Again, some guys on the board don't know how to DISCUSS politics without making things political. I was a Political Science major, so I can swing it.
To take just an example, when Wisconsin decided NOT to allow the mail-in ballots for the primary, the number of in-person polling places in Milwaukee dropped from over 100 to 5. When you layer in (a) lack of funding for an "unusual" election cycle, (b) the cost of new machinery, (c) the likelihood that many poll-workers (who are largely volunteer and/or elderly) might not show up, (d) the disincentive to vote in person when anyone sees/expects long lines at polling locations, and (e) the relative differentiation between more "Democrat-leaning" city voters and more "Republican-leaning" rural voters, then you might get "electoral college" outcomes that are very different from "opinion-polling" numbers.

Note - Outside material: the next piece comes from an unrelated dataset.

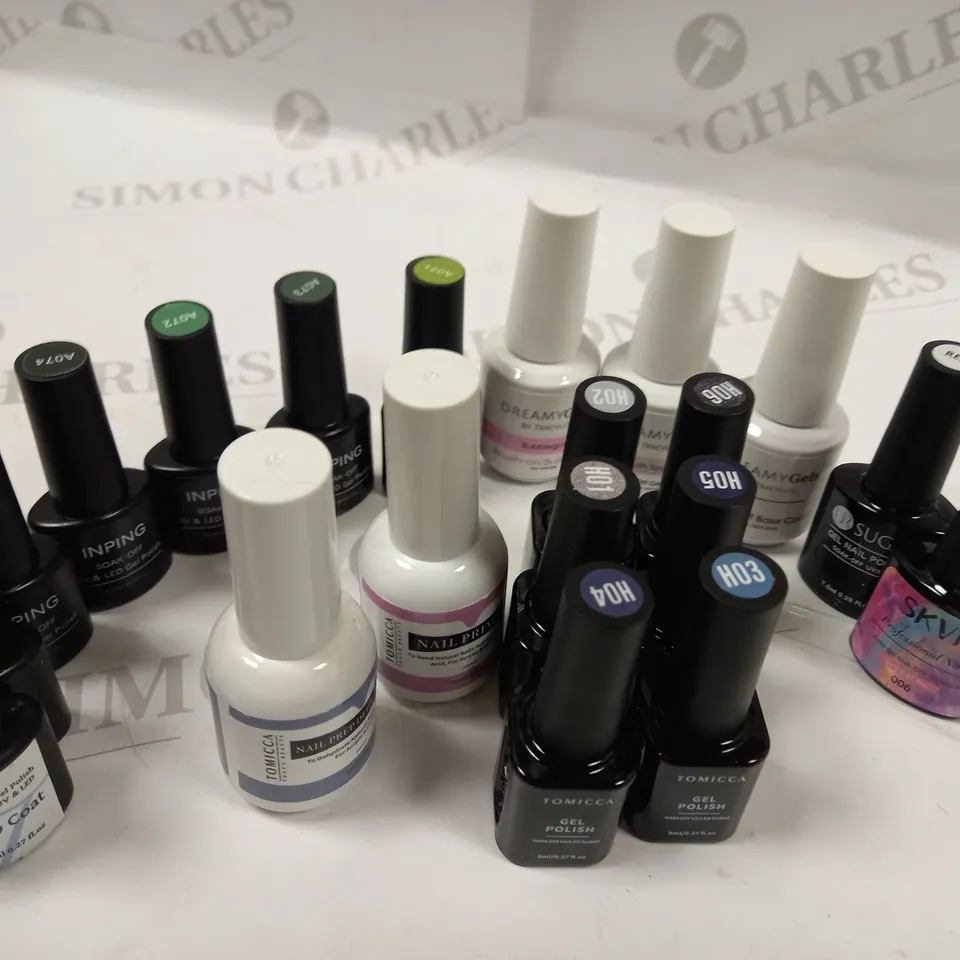 ASSORTMENT OF UV/LED CURED NAIL COLOUR APPROX. 20 ITEMS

Thus, you might be able to look at, again, say Wisconsin, and for the next 5 months, the polls may be showing that the state will flip to Biden. However, if people cannot vote by mail, and if the practicalities of in-person voting results in a greater "non-vote" in urban areas, then you could have a result which skews the outcome (vs. the overall support for the candidates). For instance, pretend that Wisconsin is polling 55-45 Biden over Trump. That type of a margin would be beyond error, from a statistical sense. One would begin to project that Biden will win the state and take all of the electoral votes. But if the availability of polling places/machines/workers/tabulations causes a decreased actual vote count in urban areas, but not as big of an impact on rural areas, then you could get an actual outcome of, say, 51-49 Trump over Biden, which then awards all of the electoral votes to Trump.
What is interesting is that most of the states that (so far) are not allowing mail-in ballots, or require a reason, or give a state the ability to reject a mail-in request, tend to be in the South. And if you expect the South to go for Trump, then one could make the argument that this really shouldn't make much of a difference, that Trump would "carry Alabama" whether Alabama allows mail-in ballots or not.
Therefore, the true differential comes down to swing states, particularly "purple" southern states (such as Florida, Georgia, and North Carolina) and rust belt states (Pennsylvania, Ohio, Michigan, Wisconsin).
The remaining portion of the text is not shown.